Data shown ->
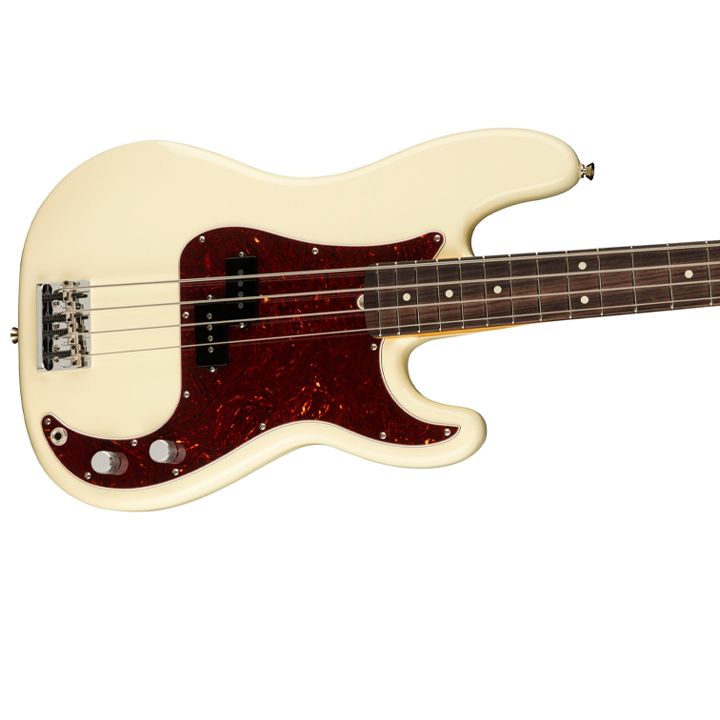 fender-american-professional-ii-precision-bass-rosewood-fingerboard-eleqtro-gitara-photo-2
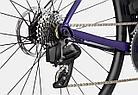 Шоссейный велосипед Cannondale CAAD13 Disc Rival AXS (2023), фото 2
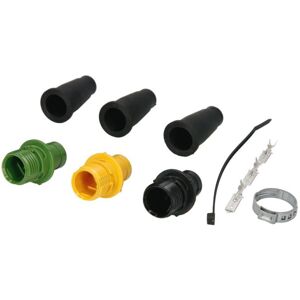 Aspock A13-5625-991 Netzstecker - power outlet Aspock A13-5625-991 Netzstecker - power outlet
--
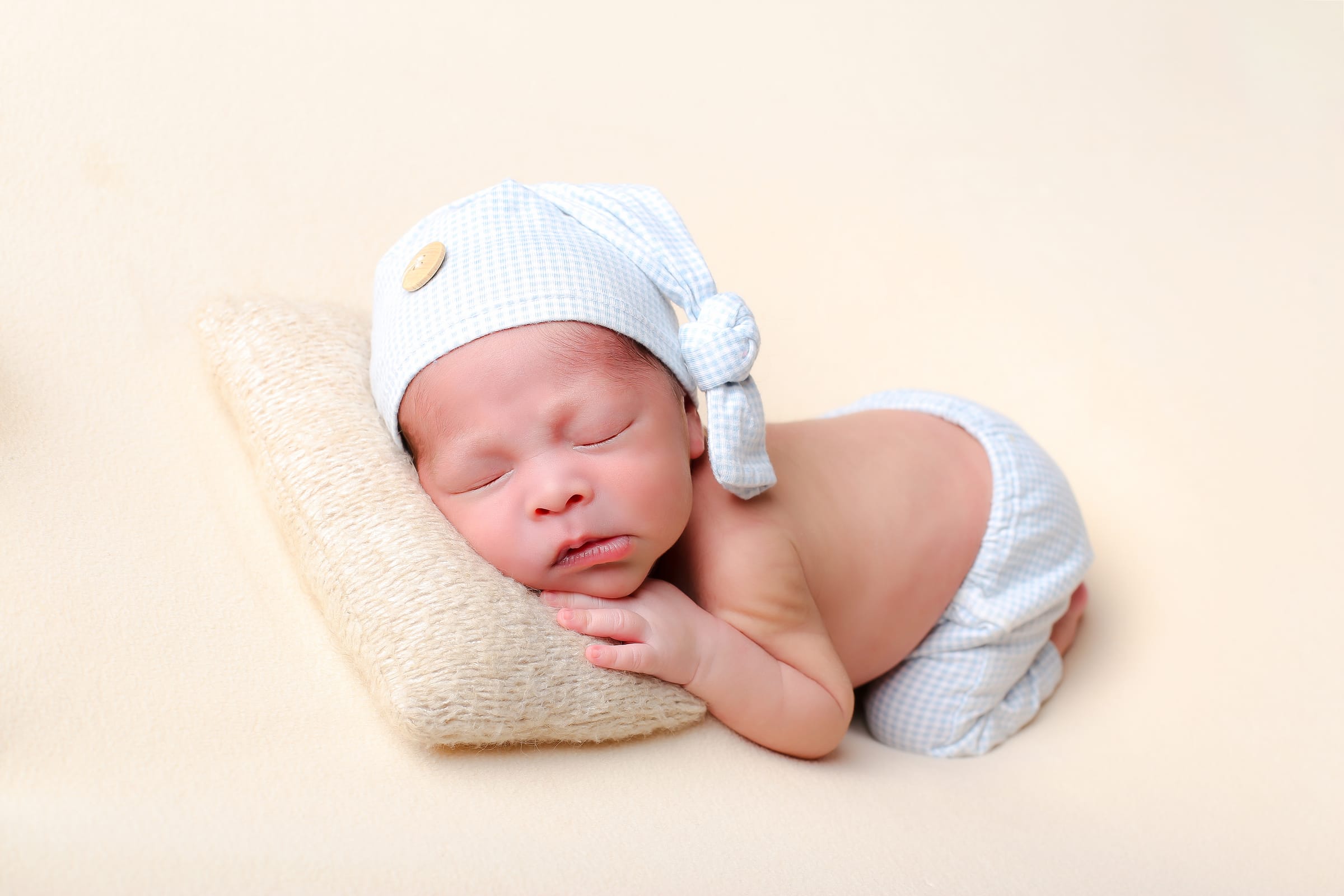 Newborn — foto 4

Task goal -> Using the data above, set down each line from the line with "Шоссейный велосипед Cannondale" to the line with "Aspock A13-5625-991 Netzstecker - power outlet Aspock" exactly, both ends included, and leave the pictures behind. Nothing else belongs.

Your response ->
 Шоссейный велосипед Cannondale CAAD13 Disc Rival AXS (2023), фото 2
 Aspock A13-5625-991 Netzstecker - power outlet Aspock A13-5625-991 Netzstecker - power outlet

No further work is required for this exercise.